[Openstack] eventlet weirdness

Adam Young ayoung at redhat.com
Tue Mar 6 01:30:15 UTC 2012


On 03/05/2012 05:08 PM, Yun Mao wrote:
> Hi Phil,
>
> My understanding is that, (forget Nova for a second) in a perfect
> eventlet world, a green thread is either doing CPU intensive
> computing, or wait in system calls that are IO related. In the latter
> case, the eventlet scheduler will suspend the green thread and switch
> to another green thread that is ready to run.
>
> Back to reality, as you mentioned this is broken - some IO bound
> activity won't cause an eventlet switch. To me the only possibility
> that happens is the same reason those MySQL calls are blocking - we
> are using C-based modules that don't respect monkey patch and never
> yield. I'm suspecting that all libvirt based calls also belong to this
> category.

Agree.  I expect that to be the case of any native library.  Monkey 
patching only changes the Python side of the call,  anything in native 
code is too far along for it to be redirected.
>
> Now if those blocking calls can finish in a very short of time (as we
> assume for DB calls), then I think inserting a sleep(0) after every
> blocking call should be a quick fix to the problem.
Nope.  The blocking call still blocks,  then it returns,  hits the 
sleep, and is scheduled.  The only option is to wrap it with a thread pool.

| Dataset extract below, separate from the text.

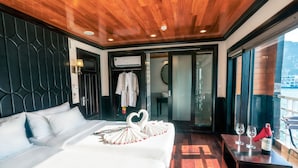 Una habitación de hotel con techo de madera, una cama con ropa de cama blanca, una toalla dispuesta en forma de corazón y una botella de vino sobre una mesa.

 From an OS perspective,  there are no such things as greenthreads.  The 
same task_struct in the Linux Kernel (representing a Posix thread) that 
manages the body of the web application is used to process the IO.  The 
Linux thread  goes into a sleep state  until the IO comes back,  and the 
Kernel scheduler will schedule another OS process or task.  In order to 
get both the IO to complete and the  greenthread scheudler to process 
another greenthread,  you need to have two Posix threads.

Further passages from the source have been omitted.